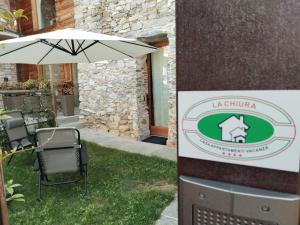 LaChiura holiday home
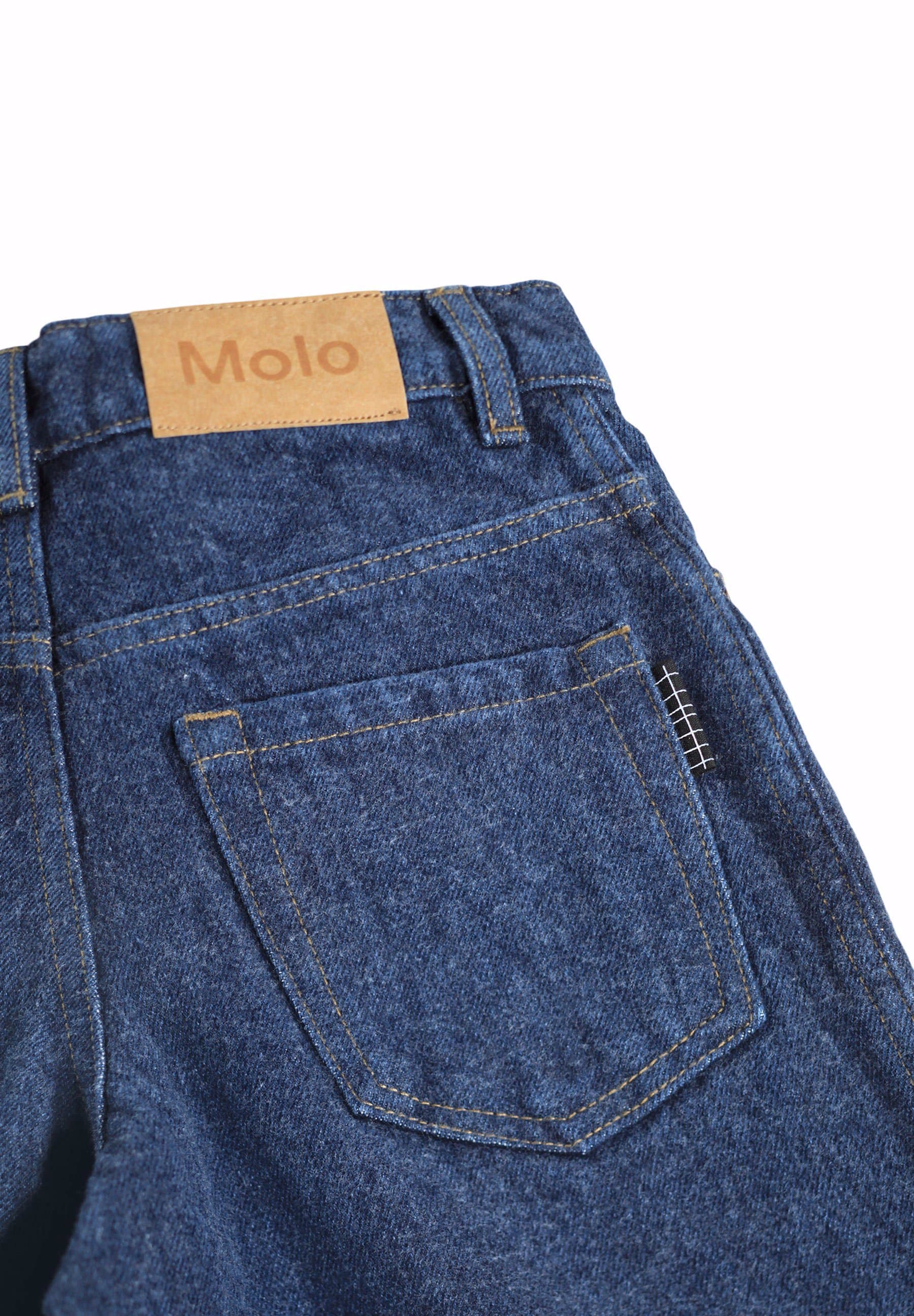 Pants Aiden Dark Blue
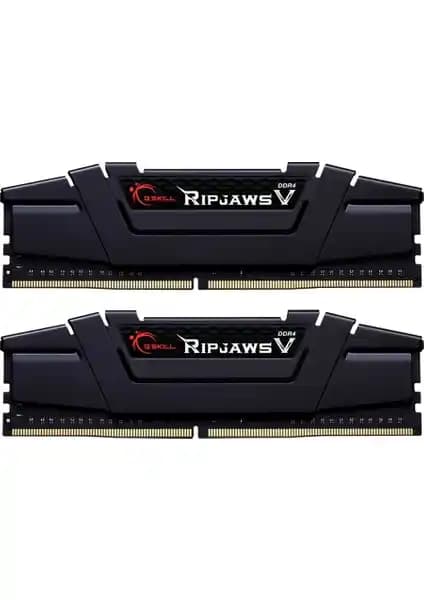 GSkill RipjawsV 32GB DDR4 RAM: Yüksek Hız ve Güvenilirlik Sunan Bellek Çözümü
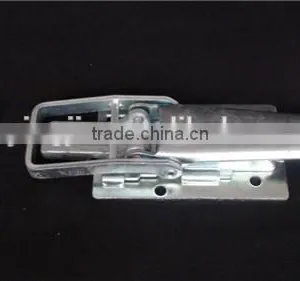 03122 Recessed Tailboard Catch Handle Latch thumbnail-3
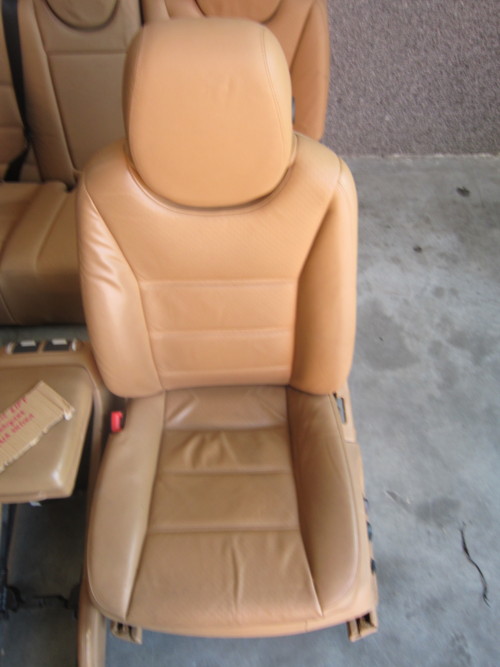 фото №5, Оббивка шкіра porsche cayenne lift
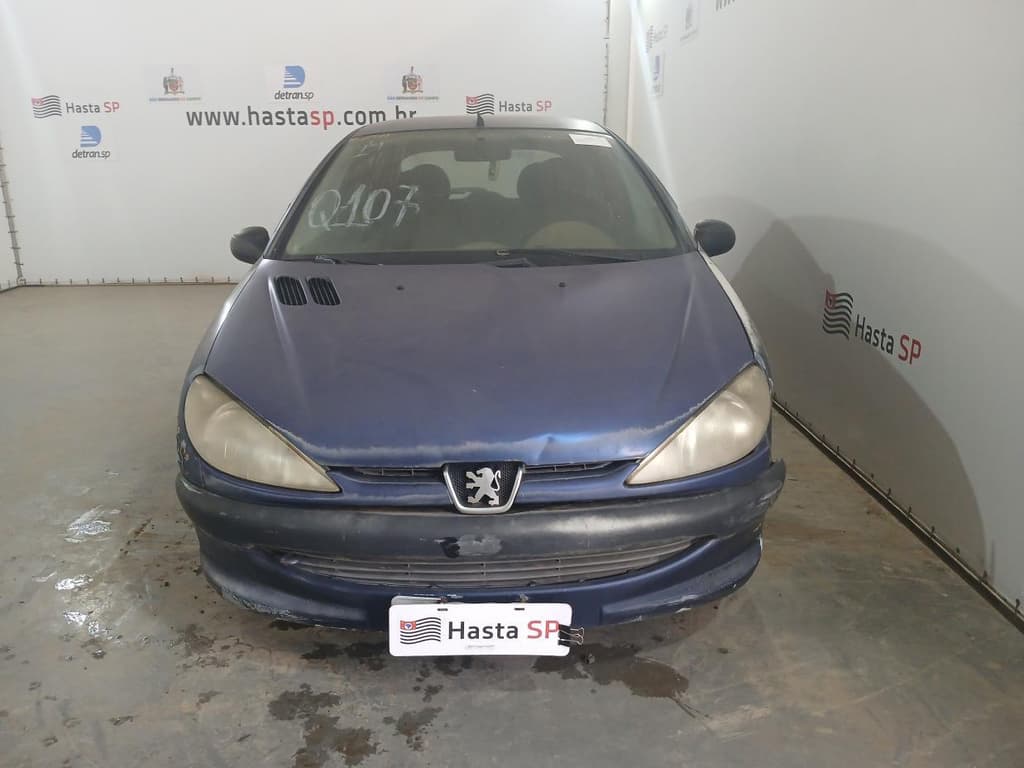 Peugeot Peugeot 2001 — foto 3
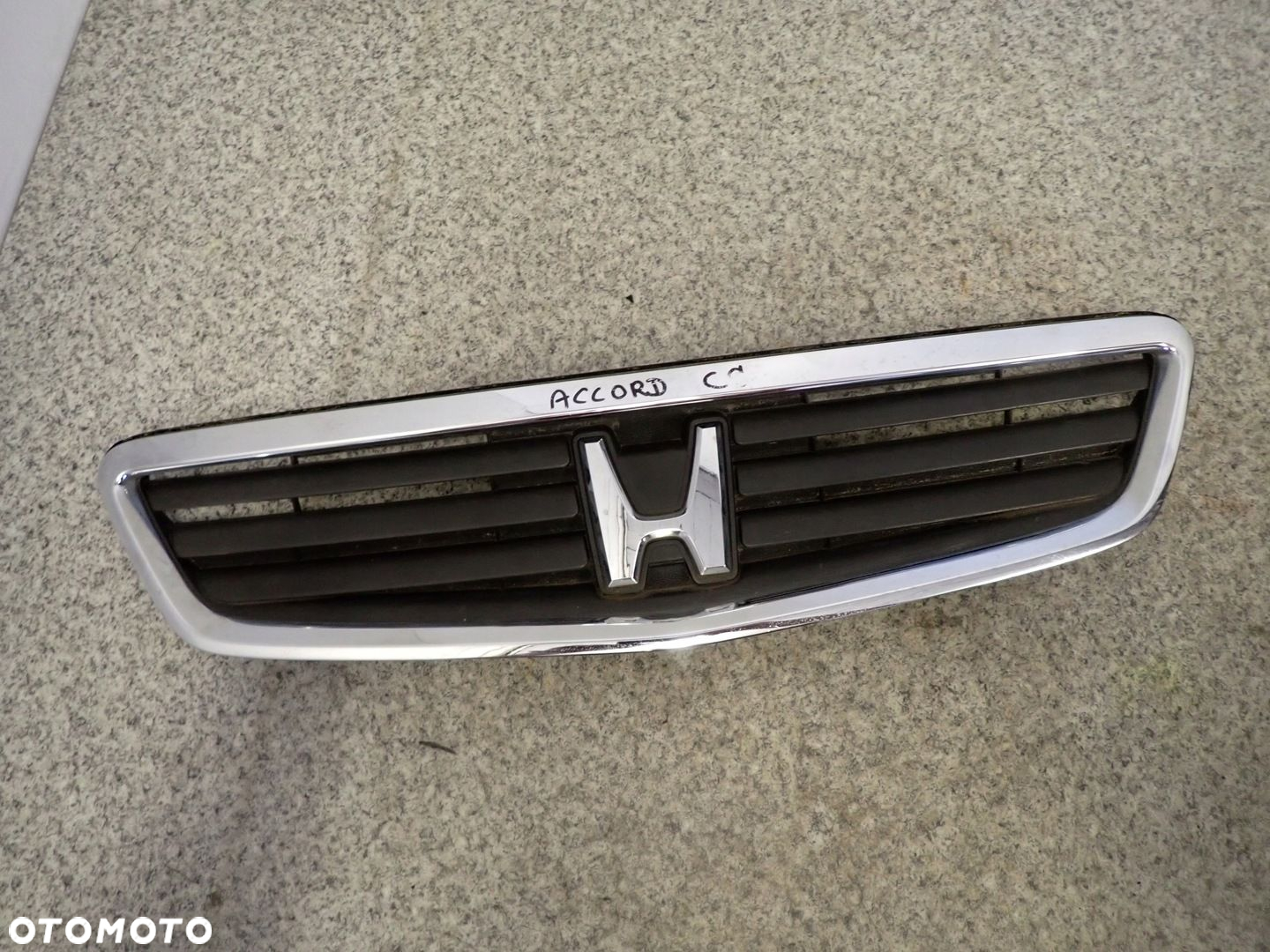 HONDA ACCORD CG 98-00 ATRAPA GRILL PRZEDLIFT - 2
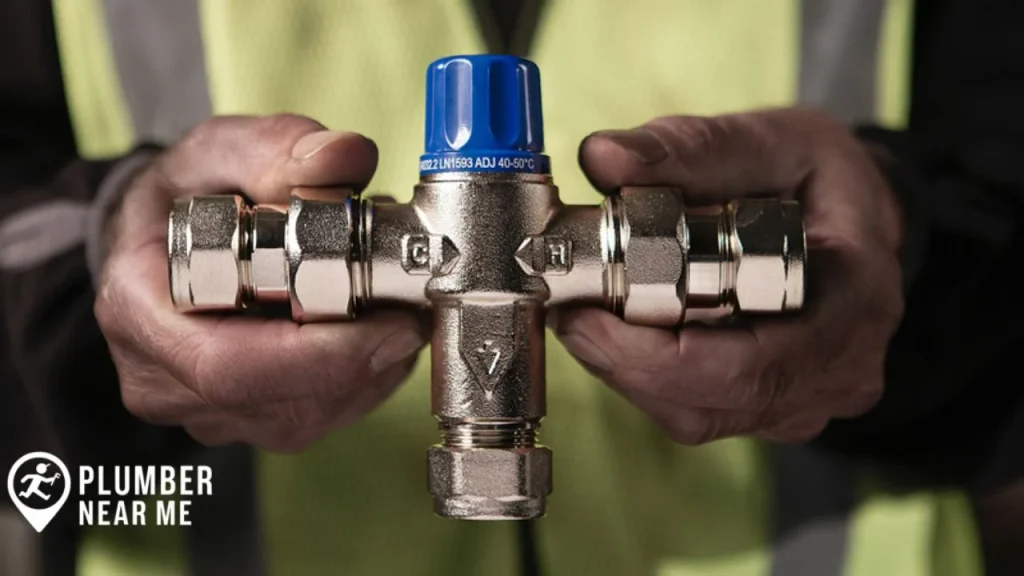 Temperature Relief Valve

Task goal — Type out the data above again exactly as written, minus the images.

Exercise response —
 LaChiura holiday home
 Pants Aiden Dark Blue
 GSkill RipjawsV 32GB DDR4 RAM: Yüksek Hız ve Güvenilirlik Sunan Bellek Çözümü
 03122 Recessed Tailboard Catch Handle Latch thumbnail-3
 фото №5, Оббивка шкіра porsche cayenne lift
 Peugeot Peugeot 2001 — foto 3
 HONDA ACCORD CG 98-00 ATRAPA GRILL PRZEDLIFT - 2
 Temperature Relief Valve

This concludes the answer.